Atlanta Hawks po raz kolejny zaskoczyli w tym sezonie, pokonując minionej nocy obecnych mistrzów NBA - Boston Celtics. Świetne zawody oglądaliśmy tej nocy w Detroit, gdzie Pistons ulegli czterema punktami Suns.
NBA zaczęła wczoraj granie o 22:00 właśnie tym spotkaniem. W końcu możemy powiedzieć, że oglądanie Pistons o tej porze to naprawdę dobre zajęcie. Minionej nocy zwycięstwo zabrał im jednak Kevin Durant, który 30 ze swoich 36 punktów zdobył w drugiej połowie. Do tego dorzucił 7 zbiórek, 5 asyst, 3 bloki oraz 2 przechwyty. O punkt gorszy był Devin Booker, a świetnym wsparciem z ławki okazał się Nick Richards, który w niecałe 30 minut zapisał 21 punktów oraz 11 zbiórek (przy skuteczności 7/8 z gry i 7/9 z linii rzutów wolnych).
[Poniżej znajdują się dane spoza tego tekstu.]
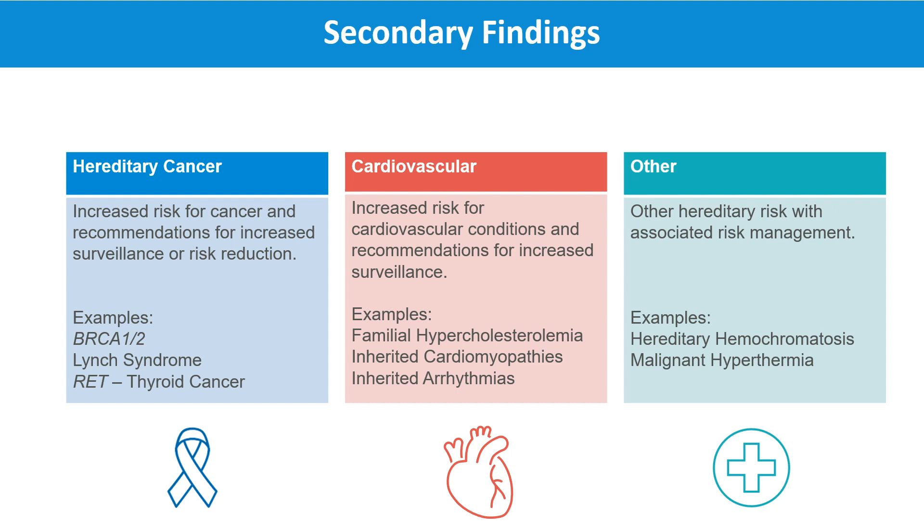Other secondary findings are associated with cardiovascular or heart conditions, like familial hypercholesterolemia. Familial hypercholesterolemia is a condition that causes high cholesterol levels and can cause early cardiovascular disease. Individuals with pathogenic variants in familial hypercholesterolemia genes benefit from being followed by a cardiologist and appropriate screening, cholesterol testing, and medical management like cholesterol-lowering medication.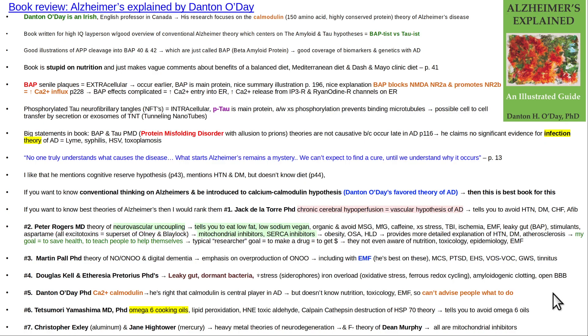This video is a book review of 'Alzheimer's Explained' by Danton O'Day. Danton O'Day is an Irish-English guy who is a professor in Canada, and his research focuses on calmodulin. Calmodulin is an approximately 150 amino acid long protein inside the cytoplasm of neurons. It's highly conserved across multiple different animals, and that's what he believes is the best explanation for Alzheimer's. He's been researching this for a couple of decades.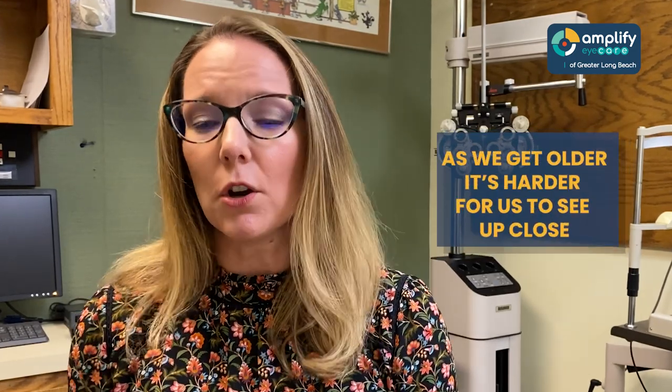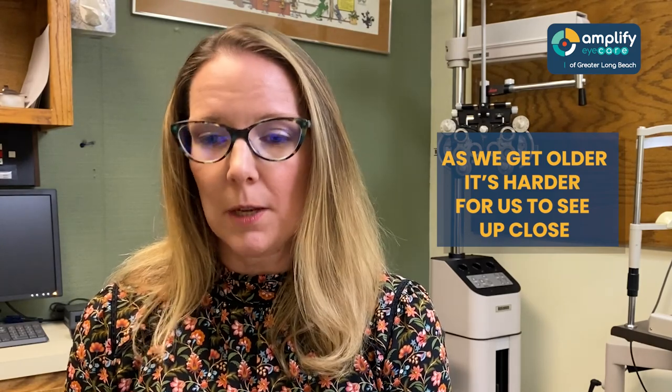However, as we know, we all age, and when we age it's harder for us to see up close. So the next thing to consider is the multifocal contact lens. It's like having a bifocal in a contact lens. I often tell my patients when it comes to multifocals, we are asking an awful lot out of a tiny little piece of plastic.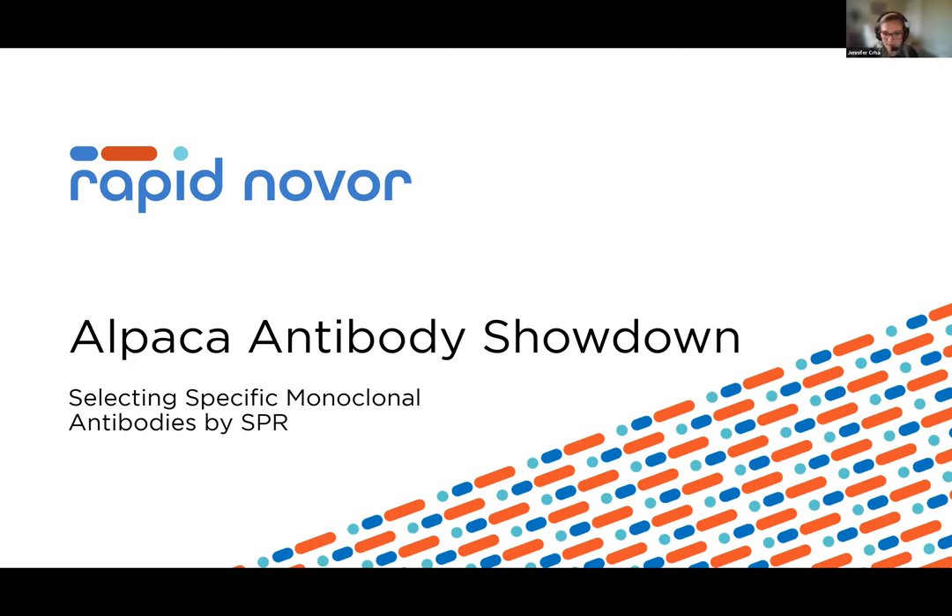I think we are good to get started. I see still a few more people trickling in, but now is a good time to get this show on the road. Thank you everyone for coming this morning. This is a webinar by RapidNOFOR titled 'Alpaca Antibody Showdown: Selecting Specific Monoclonal Antibodies by SPR.' My name is Jen and I'll be the moderator today, and Marco is our speaker.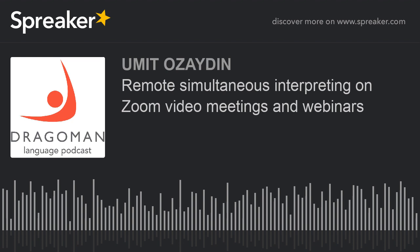Remote simultaneous interpreting is not a replacement of on-site interpreting, just as video conferencing is not a true alternative to a professional event organized in hotels or conference venues. Our hope is to beat coronavirus faster and return to normal circumstances as soon as possible. Until then, Dragoman remains committed to helping eliminate language barriers by using available technologies. Kindly find our YouTube video on enabling language interpretation and adding simultaneous interpreters to Zoom meetings.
Do zwycięstwa Pistons zabrakło dziś zdecydowanie lepszej gry lidera, jakim jest Cade Cunningham. Rozgrywający zagrał prawdopodobnie najgorszy mecz w sezonie. Co prawda uzbierał 20 punktów, 11 asyst oraz 6 zbiórek, ale spudłował aż 19 z 26 rzutów.
Atlanta Hawks są w tym sezonie zespołem, który potrafi zagrozić absolutnej czołówce, ale jednocześnie ma problemy ze słabszymi zespołami. Minionej nocy po dogrywce pokonali obecnych mistrzów NBA, którzy wystąpili w niemal najmocniejszym składzie (zabrakło Kristapsa Porzingisa). Najlepszym zawodnikiem drużyny z Atlanty był Trae Young, który zapisał 28 punktów, 11 asyst oraz 4 zbiórki. Świetne zawody po atakowanej stronie boiska miał też Dyson Daniels, który nie tylko zapisał 23 punkty, ale także trafił rewelacyjne 11 z 14 rzutów z gry.
Liderzy Bostonu mieli dziś ogromne problemy ze skutecznością. Zarówno Jaylen Brown, jak i Jayson Tatum trafili zaledwie 33,3% swoich prób, a Derrick White był niewiele lepszy, pudłując 13 z 20 rzutów (wśród pudeł także 11 z 16 rzutów z obwodu). Każdy z tej trójki spędził na parkiecie ponad 40 minut, co także nie napawa optymizmem przed kolejnymi spotkaniami. Kolejne bardzo dobre zawody z ławki rozegrał natomiast Payton Pritchard, który zapisał 20 punktów i 6 zbiórek.